I had hesitation, stumbling, and sometimes my car stalled when the compressor turned on. First, I increased the idle with the idle screw. No help. Then I removed the part that the idle screw is located in. It is called the Idle Air Control Valve Unit. Mine had a lot of carbon built up, causing it to not respond, or adjust appropriately. Do a search. I posted pictures after cleaning it, since I had the problem for years. Also, cleaned the throttle body and changed the fuel filter. The combination produced great results. I can finally merge into traffic or stop and accelerate without the engine wanting to stall. Also, my running at high speeds was OK. It was just getting up to higher speeds that was the problem. Hope that helps.


----------



## Modemagic (May 13, 2004)

I second catmans thoughts... also, check the timing.

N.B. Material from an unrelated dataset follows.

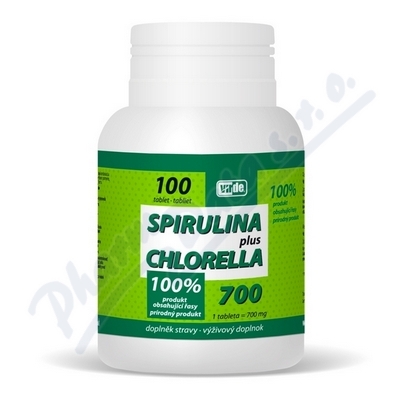 Spirulina Plus Chlorella tbl.100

The majority of my problems were timing related.


----------



## StevenLK (Jul 15, 2002)

i had that happen to my ga16 b'4, it was a vacum leak, and sometimes just shut off because bad fuel injectors. but urs maybe a difrrent problem. i was just suggesting what the problem was with mine.


----------



## littlebadboy (Jan 25, 2005)

Thank you everyone for your information!



Catman said:


> I had hesitation, stumbling, and sometimes my car stalled when the compressor turned on. First, I increased the idle with the idle screw. No help. Then I removed the part that the idle screw is located in. It is called the Idle Air Control Valve Unit. Mine had a lot of carbon built up, causing it to not respond, or adjust appropriately. Do a search. I posted pictures after cleaning it, since I had the problem for years. Also, cleaned the throttle body and changed the fuel filter. The combination produced great results. I can finally merge into traffic or stop and accelerate without the engine wanting to stall. Also, my running at high speeds was OK. It was just getting up to higher speeds that was the problem. Hope that helps.


Maybe I should try that.



StevenLK said:


> i had that happen to my ga16 b'4, it was a vacum leak, and sometimes just shut off because bad fuel injectors. but urs maybe a difrrent problem. i was just suggesting what the problem was with mine.

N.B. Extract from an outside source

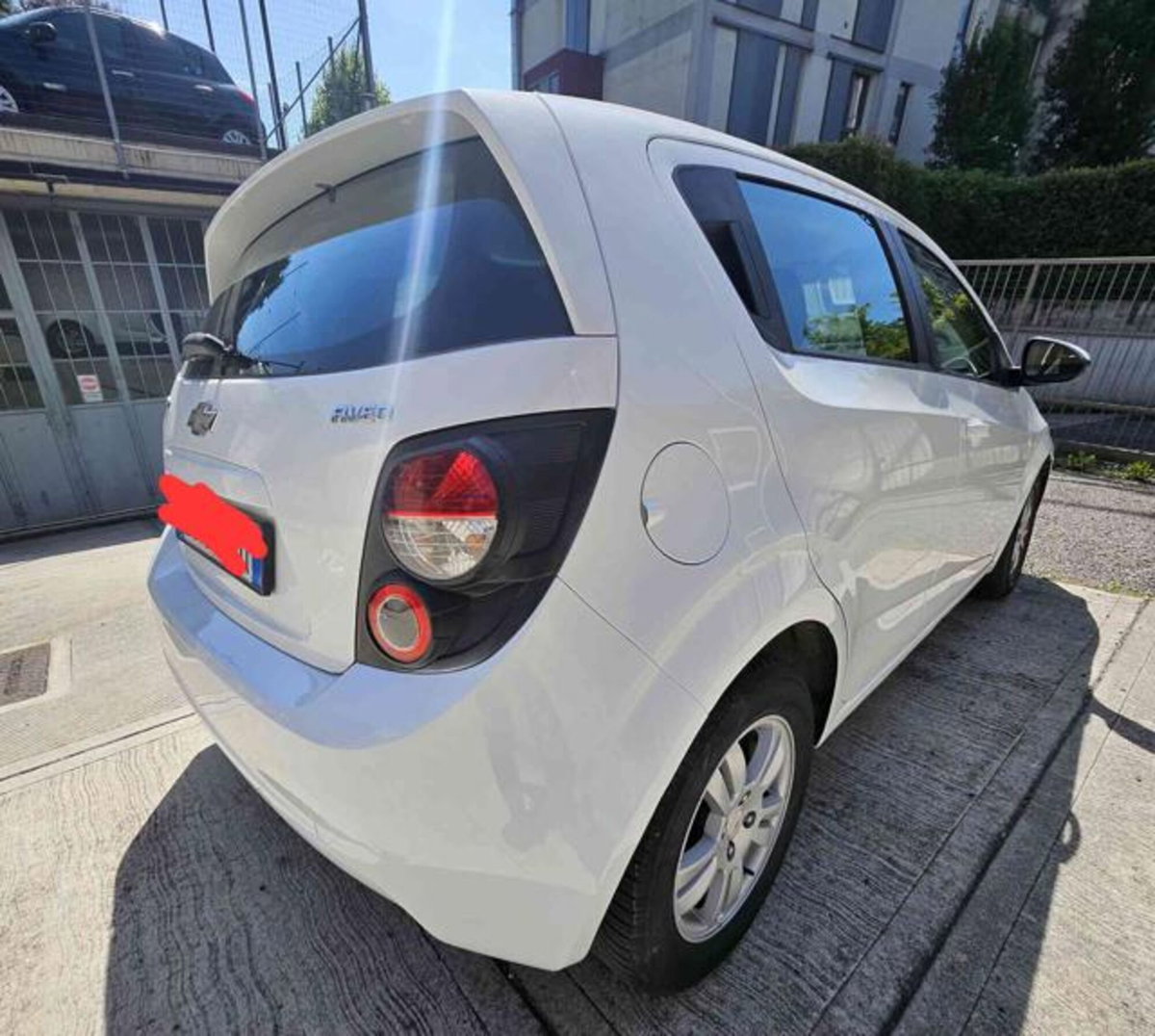 Chevrolet Aveo 1.2 86CV 5 porte LTZ (7)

I am suspecting a vacuum leak and timing issues too. How do I check these?



toolapcfan said:


> Welcome to the club. I've been trying to solve this problem for 2 years now. By the way, your car is a B13, all sentras and NX's made between 1991 and 1994 are B13's and ECCS isn't a model that's just what they stamp on the intake manifold for the GA16DE. Your model is either E, XE, SE, LE, or GXE.


Thanks for the info. Here in the Philippines, my model is called a Sentra Super Saloon ECCS. It has the GA16DE engine with 4-doors.


----------



## Solidox2k (Jan 21, 2004)

> Thanks for the info. Here in the Philippines, my model is called a Sentra Super Saloon ECCS. It has the GA16DE engine with 4-doors.


heh, "Super Saloon" . i like that lol.  

yea, i third catman. i took his advice, its real easy, and it solved that problem with mine right after i finished. 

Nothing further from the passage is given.